TASK. Nothing may be left out of the listing below but its images; repeat the rest exactly.

** Opening PROVIDED MATERIAL block **

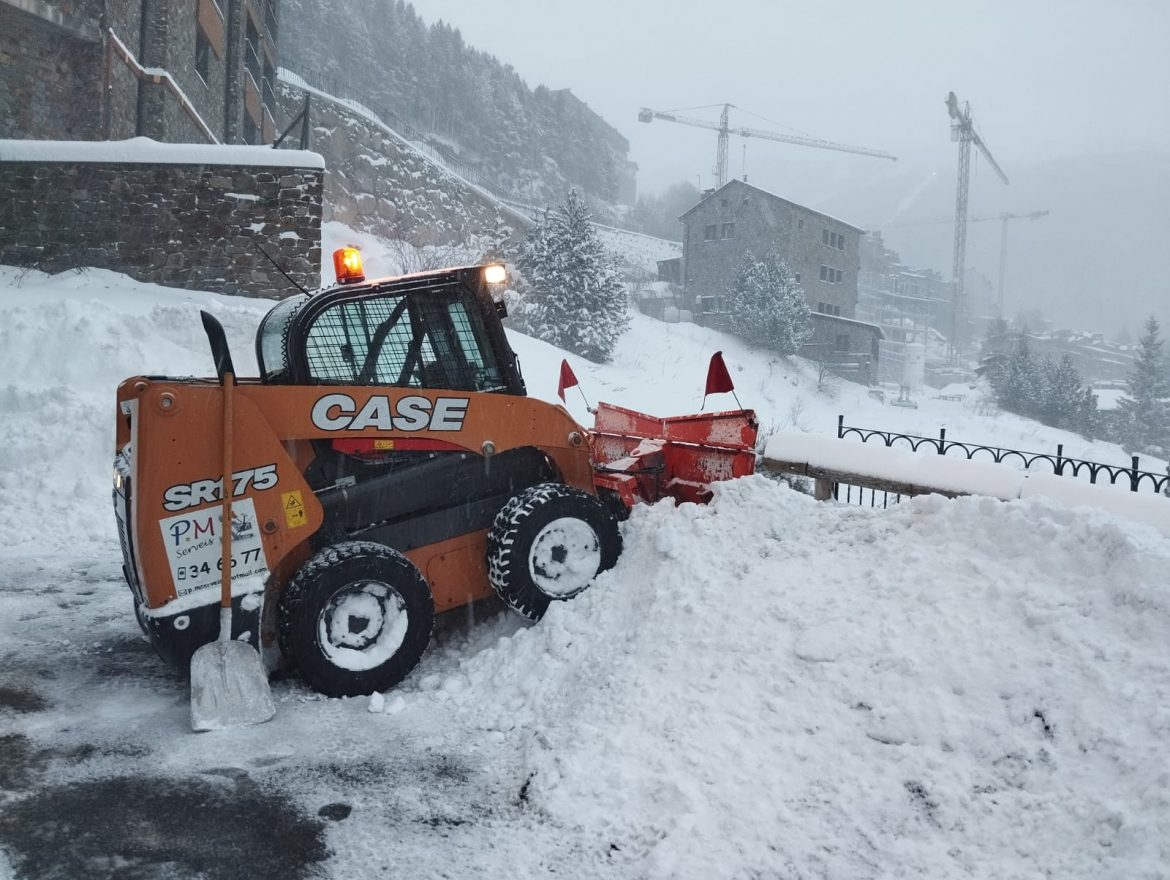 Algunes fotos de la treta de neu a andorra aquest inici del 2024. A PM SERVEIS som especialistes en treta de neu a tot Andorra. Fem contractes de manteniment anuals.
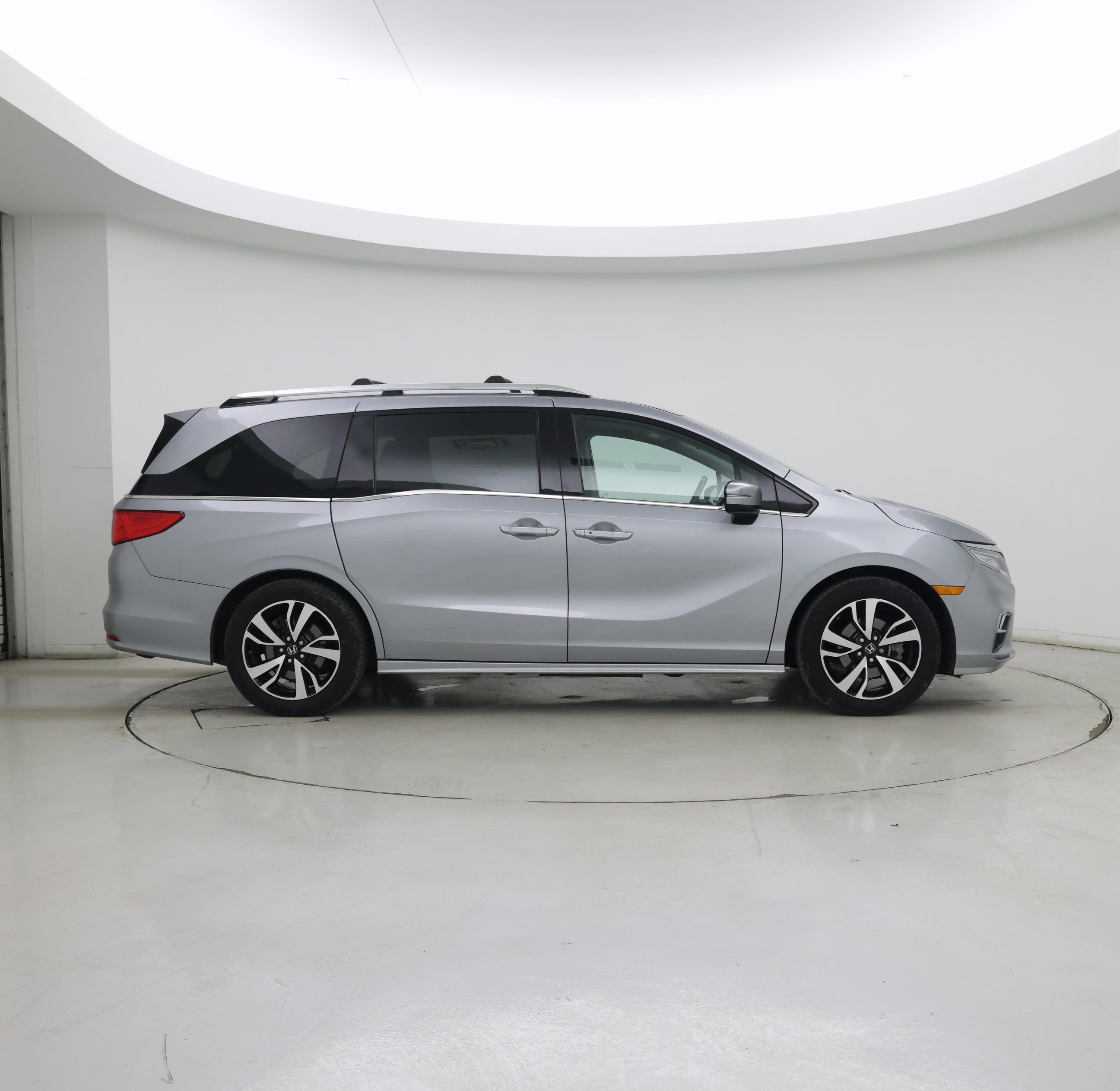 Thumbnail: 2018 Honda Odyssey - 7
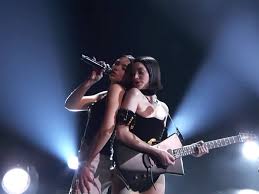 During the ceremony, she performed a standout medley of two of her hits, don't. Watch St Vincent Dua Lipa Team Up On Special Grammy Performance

** Closing PROVIDED MATERIAL block **

ANSWER TO THIS TASK.
 Algunes fotos de la treta de neu a andorra aquest inici del 2024. A PM SERVEIS som especialistes en treta de neu a tot Andorra. Fem contractes de manteniment anuals.
 Thumbnail: 2018 Honda Odyssey - 7
 During the ceremony, she performed a standout medley of two of her hits, don't. Watch St Vincent Dua Lipa Team Up On Special Grammy Performance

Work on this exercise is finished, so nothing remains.